Cards ace Wainwright quick to put poor outing behind him

ST LOUIS -- Adam Wainwright likes to say baseball is a humbling game. Soar too high and this sport will cut you down. Wednesday night was a good example.
Four days after Wainwright raised $111,000 for charity and threw a gem of a complete game against the Atlanta Braves -- a day he said would be remembered as one of his best -- the Cardinals' ace, well, he can tell you …
"This is the worst start I've ever had in my career, if I'm not mistaken," he said.
"What can you say? I pitched terrible, and that's why we lost the game."
Wainwright lasted just two innings against the Cincinnati Reds on Wednesday. By the time he threw his 53rd and final pitch, Cincinnati had scored nine runs on eight hits. For the first time in his career, Wainwright didn't make it into the third. It was the most earned runs he had given up as a major leaguer and caused his ERA to jump from 2.58 to 2.96.
It was ugly, and concerning. Enough so that the game itself -- the Cardinals never recovered and lost to the Reds 10-0 -- took a backseat to a more important question: What the heck happened to Wainwright?
Word rippled through the Busch Stadium press box that Wainwright might have had a hard time getting loose before the game. And then there was the pitch count (128) in his previous start -- something Reds manager Dusty Baker attributed to the struggle.
"I knew we had a chance because Wainwright had gone 128 pitches the time before, so that's quite a strain on him," Baker said after the game.
Cardinals manager Mike Matheny and Wainwright squashed such theories.
"It was just a tough night," Matheny said. "That's all there is to it. He doesn't have very many of them. But everybody has them. You put them behind you and get ready for the next one."
"No," Matheny said when asked if he saw any pre-game signs of Wainwright's looming trouble.
"No," he said when asked if Wainwright's season-high pitch count the previous game could have been a contributing factor.
Wainwright expanded a little.
"I was focused, had a good plan and just didn't execute some pitches," he said. "The pitches I did execute, they found holes. It's just a really bad night, a perfect storm."

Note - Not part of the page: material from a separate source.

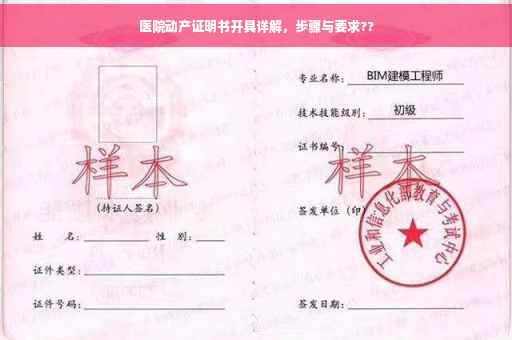 医院动产证明书开具详解，步骤与要求??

He said he felt "sharp" in the bullpen and "fine" when he entered the game. He also stiff-armed the pitch-count link.
"I'm a big, strong man," Wainwright said. "This is what we train for all offseason, and all season long, to be ready for games like this. This could have happened in May."
Whatever the reason, it was Wainwright's worst. It was a humbling and frustrating outing for a guy who had just been sky high.
More important is what it apparently wasn't -- a sign of something that might threaten Wainwright moving forward.